Match Reports

72 Seconds to Win the North London Derby

Tomas Rosicky scores against Spurs in 72 seconds

Seventy-two seconds. That is all it took. Seventy-two seconds for the ball to travel from the centre circle to the back of the Tottenham net, seventy-two seconds for White Hart Lane to fall into stunned silence, seventy-two seconds for every Arsenal supporter in the ground to lose their collective minds. If there is a purer distillation of the North London derby’s capacity for instant, visceral drama, I have yet to witness it.

The opening salvo

The whistle blew, the ball was played forward, and before Tottenham’s defenders had finished adjusting their shin pads, Tomas Rosicky had put us ahead. It was a goal of devastating simplicity — quick passing through the centre, a ball played into the channel, and there was the little Czech maestro, arriving at precisely the right moment to prod the ball past Hugo Lloris. The Lane erupted. Or rather, one small corner of it erupted. The rest fell silent, the kind of silence that follows a punch to the solar plexus.

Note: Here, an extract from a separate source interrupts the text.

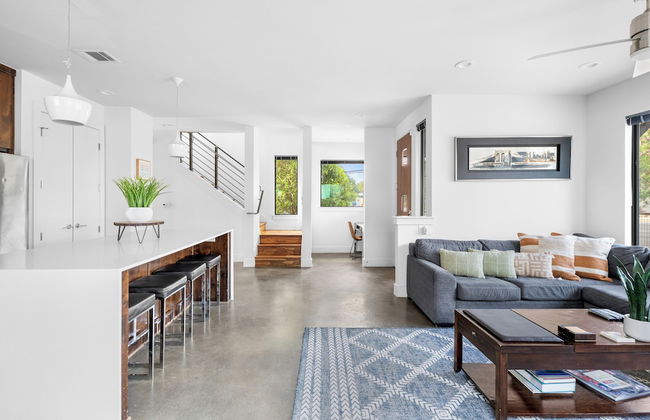 Walk to Restaurants & Entertainment on East Side - Foto 17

Seventy-two seconds. You barely have time to find your seat, unwrap your programme, locate your mates in the crowd. And yet in those seventy-two seconds, the entire complexion of the match was altered. Tottenham, who had arrived with plans and patterns and pressing triggers, were suddenly chasing the game before it had properly begun. The psychological blow of conceding so early, in a derby of all matches, cannot be overstated.

Rosicky’s renaissance

A word on Rosicky, because he deserves more than a passing mention. Here is a player who has spent much of his Arsenal career battling injuries, a man who has given us agonising glimpses of quality between long spells in the treatment room. But when he plays — when he is fit and sharp and the occasion demands it — he is capable of performances that remind you why Wenger signed him in the first place.

This was one of those performances. Not merely the goal, but the entire display. The pressing, the energy, the refusal to cede an inch to opponents a decade younger. Rosicky played the derby as though his very existence depended on it, which, in the context of North London football, it rather does.

Controlling the narrative

Arsenal’s performance after the opening goal was a masterclass in game management. We did not sit back and invite pressure — that would have been suicidal against a Tottenham side with enough quality to punish passivity. Instead, we controlled the tempo, keeping possession in areas that caused Spurs problems while remaining alert to the counter-attacking opportunities that their increasing desperation inevitably created.

Ozil was magnificent in the number ten role, orchestrating attacks with the nonchalance of a man conducting a particularly straightforward symphony. Cazorla, alongside him, provided the ball-carrying ability that allowed us to escape the press and transition from defence to attack in those crucial moments when Spurs committed bodies forward.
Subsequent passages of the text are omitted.